I had it on my list when I recently visited Paris but didn’t quite make it, so when a friend was visiting London from Paris I suggested we go here to satiate my curiosity of this culinary brand.
We kicked things off with a lovely refreshing but expensive grapefruit cocktail (£14).
The menu is split into 4 sections: bites | starters | small plates | larger plates. We had a gorgeous little bite in the form of crab on a sort of seaweed cracker.
Next up was squid ink ravioli with the smoothest potato purée sitting on lobster bisque which had quite a thick consistency that I wasn’t expecting but was really flavoursome; this dish had a sprinkling of pearl barley which gave it a delicious crunch.
Then came two larger plates: duck and turbot. Anyone who knows me well knows I have a slightly unhealthy obsession with this bird – I’m more of a duck leg kind of gal but I can mos def get down with some breast – the breast in question was tender and sweet with a peppery kick that came from green harrisa – the chickpeas and charred green beans on the side were infused with sweetness from the thick sauce on the plate.
The turbot was equally delicious, cooked well (the skin was a bit rubbery but I didn’t begrudge that) with a bit of sweetness coming in via the kumquat balanced with citrusy lemon verbena. The potato and veg were also perfectly cooked.
Last up was dessert and my friend ordered the chocolate one which had a sprinkling of bacon – I don’t eat pork, so I scooped a bit around it and it was pretty yummy.
I opted for a beautiful peach and pecan tart with tonka bean ice cream -rich buttery pastry that had me at hello.
My only gripe at the time is that the food felt a bit tepid but I do like my food hot hot hot, so perhaps it’s just me…
I went back a few weeks later with my favourite cali gal…
and there was a slightly different menu. The food was good but I didn’t come out feeling as excited about Frenchie the first time I went and I’m not really sure why. I think it may have been a combo of one of the dishes not been to my liking at all, being very aware of the bright lights and the fact that we were seated at the corner of the bar which made us feel somewhat out of the action. Also, when the price point is not so low, you become less forgiving about details like this. However, I must say, the service was charming even if a little slow.
Here is the Smoked Arctic Char Tartare, Chive & Kalamata Bergamot dish that I had – super fresh and zesty
I can’t remember what fish this was but I wasn’t at all excited about its side hustle, a medley of yellow tomatoes, raspberries and some herbs – this just tipped too far on the sweet end of the scale for me.
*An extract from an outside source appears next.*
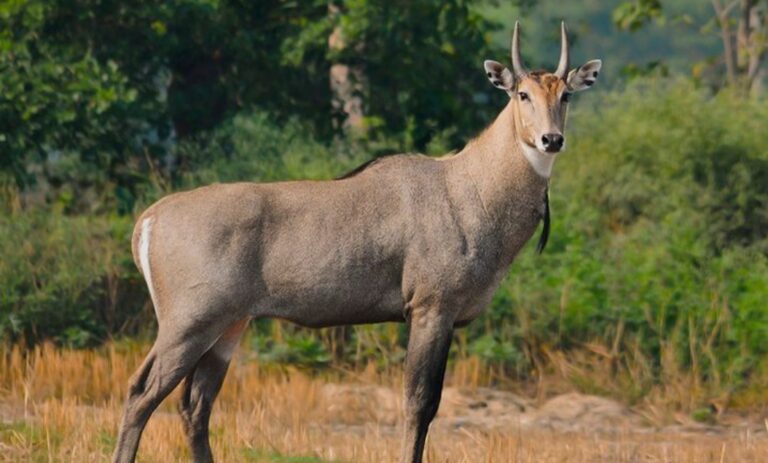 नीलगाय शिकार में अज्ञात शिकारी के खिलाफ मुकदमा दर्ज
Being summer, I understand why they’d put out a dish like this but I just wasn’t into it.
This beef dish was cooked well, enriched with a bit of parmesan and made even more decadent with the cured egg; I also really enjoyed the chargrilled broccoli and mushrooms.
Despite not enjoying Frenchie as much as I did on my first visit, I would deffo recommend it as a good dining option in London.
Mixed crowd – generally tends to be a slightly older cultured looking crowd. Quite a number of couples. Lots of patriots too in the form of Frenchies (on both occasions I visited)
5 plates between 2 people + cocktails and wine will set you back about £65
THE TAKE OUT
Good modern French fare in a contemporary setting. A little on the pricey side. I would definitely revisit but not sure this will be a regular for me.